● **Task directions**
Every line that includes the word "المنيوم" needs to be copied from the listing.

● **Data for review**
——————————

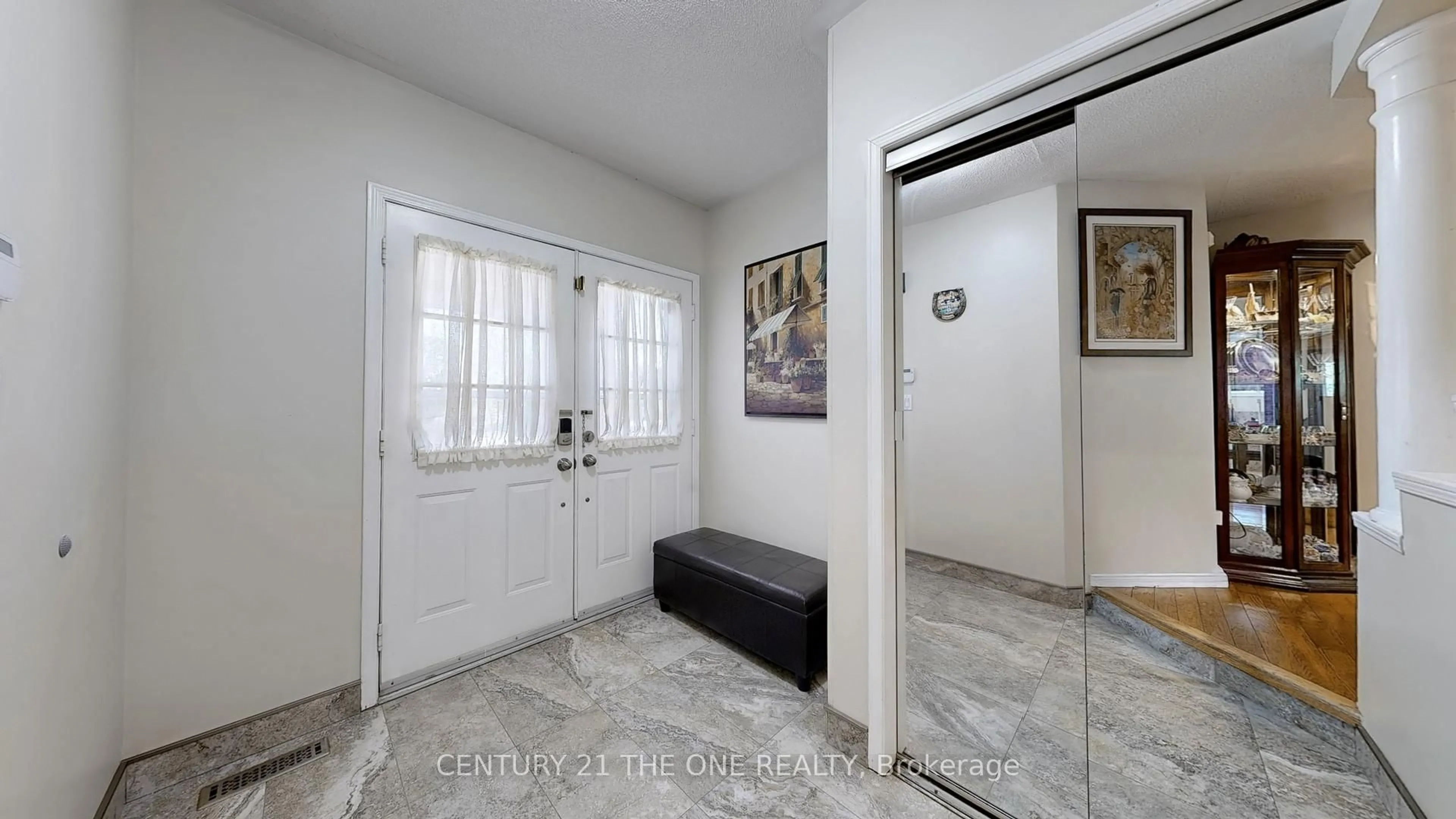 Indoor entryway for 34 Long Point Dr, Richmond Hill Ontario L4E 3W8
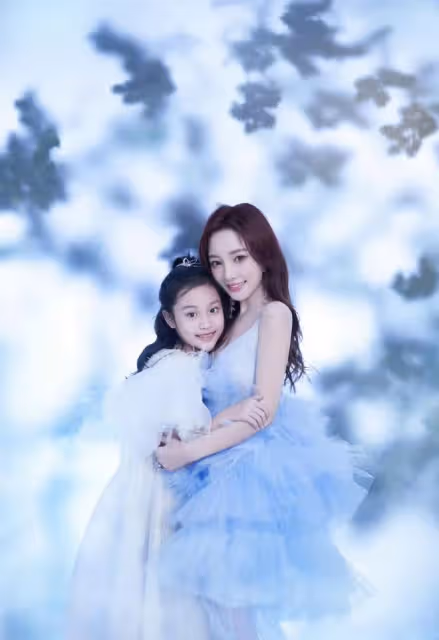 王中磊17歲兒子顏值逆襲變帥哥!高大健壯似爸,讀紐約名校成學霸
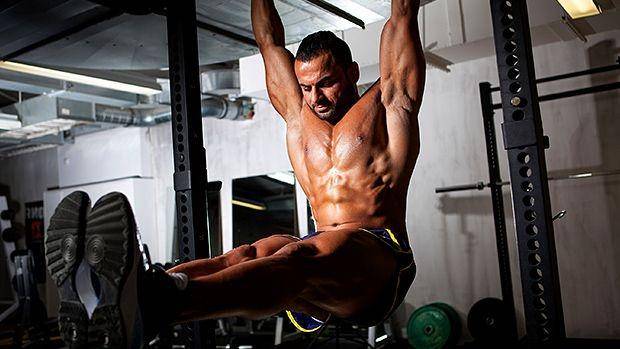 Ilustrasi hanging leg raises (t-nation.com)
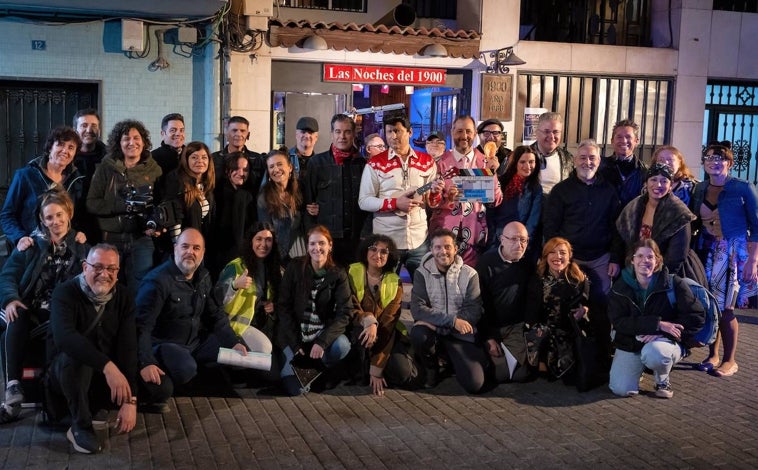 Imagen principal - La gran familia que compuso el equipo de rodaje
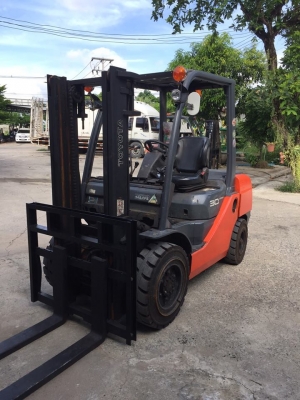 ขายด่วนรถยก 3.0 ตัน เสายกสูง 3.0 เมตร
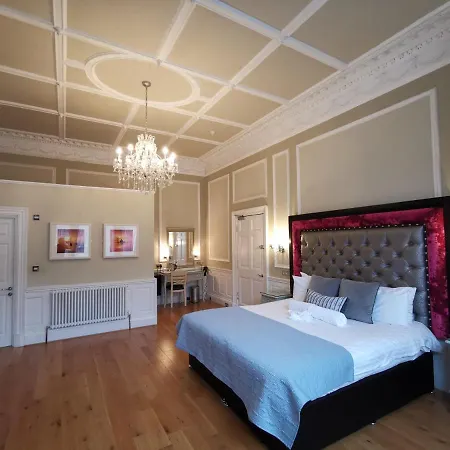 The Haymarket Lairg Konukevi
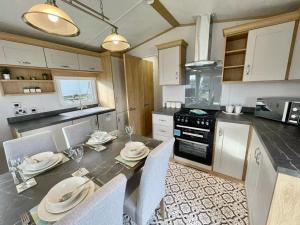 Köök või kööginurk majutusasutuses Polperro Seaview Lodge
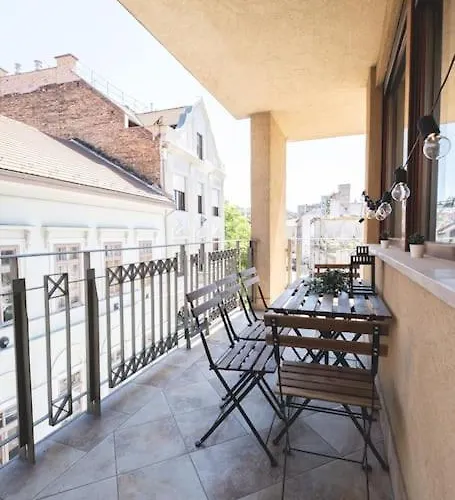 Bright Downtown Balcony Retreat بودابست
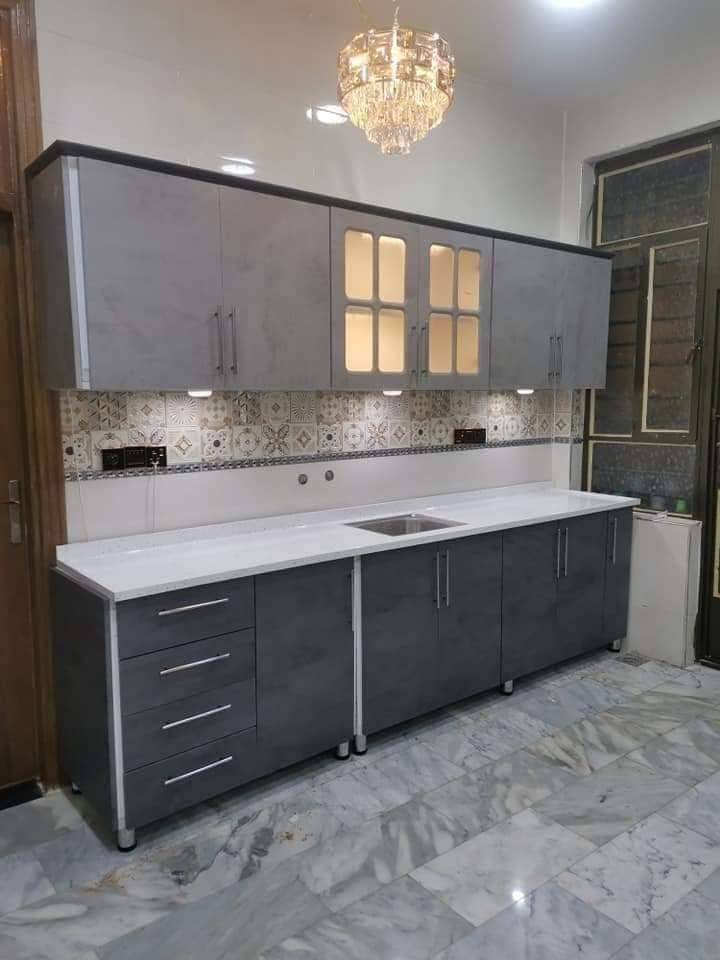 عروض  تبديل القديم بجديد مع فرق
من معمل اللجين المنيوم  😍 اسعار مناسبه جدا 
تفاصيل العمل (مقطع المنيوم ثقيل وحسب طلبكم  ابليت الارضيه والضهر ثقيل الرفوف مقطع وبنل  اسفل كل جسر المنيوم للمتانه وتنضرب سيليكون) تحشيه خشب من داخل مقطع القوه 
وتغليف الابواب حسب طلب الزبون
السعر يشمل التاج😍 والاناره 😍
العنوان ناصريه الاسكان الصناعي بدايه نزله الثانية مقابل العمارات 
اي استفسار راسلنا📱 وتساب وتدللون 
أو أتصل بنا على الرقم التالي☎️***********لاتنسى متابعة الصفحة
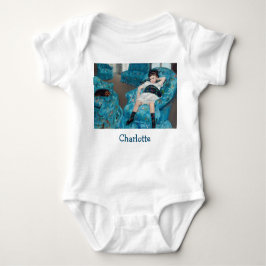 Mary Cassatt - Kleines Mädchen in einem blauen Ses Baby Strampler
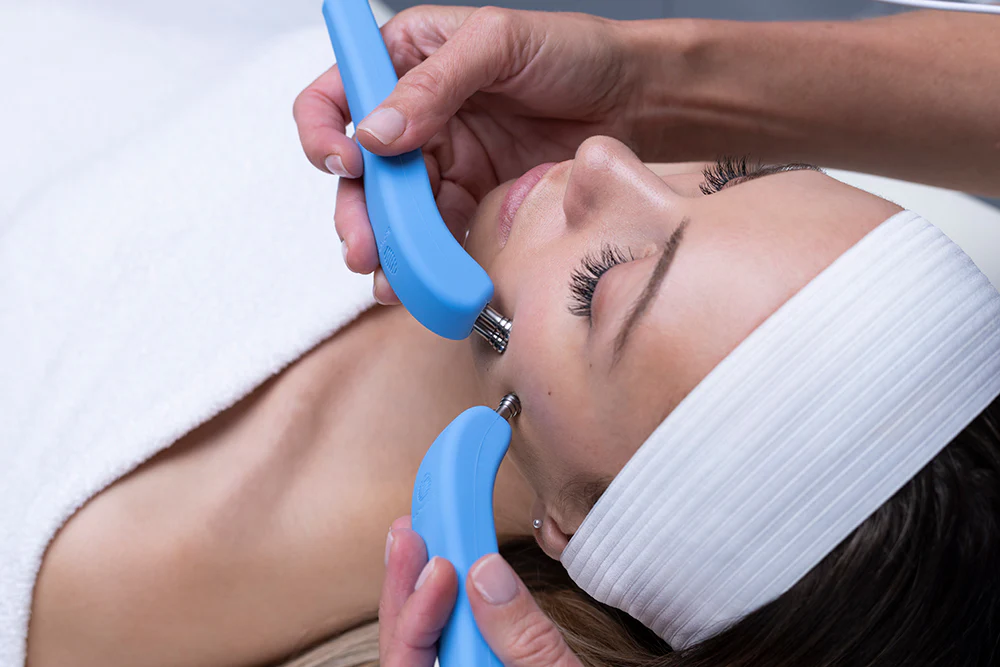 MICROCURRENT TONING FACIAL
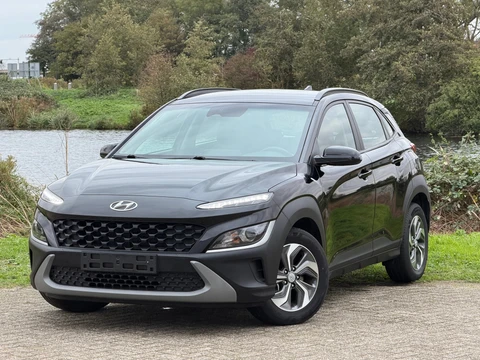 Hyundai KONA 1.6 GDI HEV Fashion Automaat - Abyss Black Pearl - 31dkm - Nieuwstaat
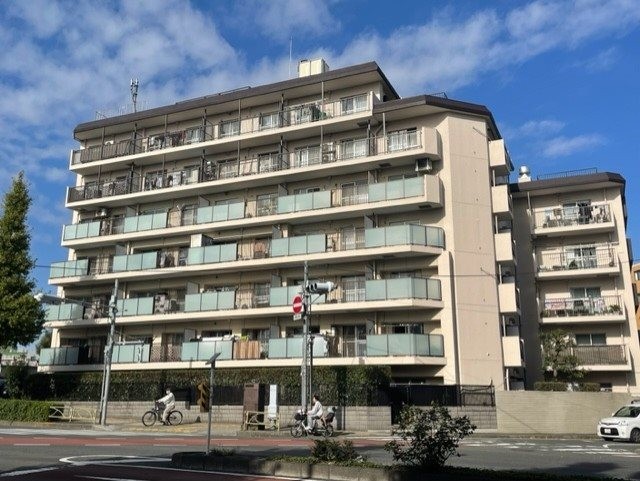 世田谷区玉川台1丁目 【賃貸居住】マンション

——————————

● **Answer to this problem**
من معمل اللجين المنيوم  😍 اسعار مناسبه جدا 
تفاصيل العمل (مقطع المنيوم ثقيل وحسب طلبكم  ابليت الارضيه والضهر ثقيل الرفوف مقطع وبنل  اسفل كل جسر المنيوم للمتانه وتنضرب سيليكون) تحشيه خشب من داخل مقطع القوه 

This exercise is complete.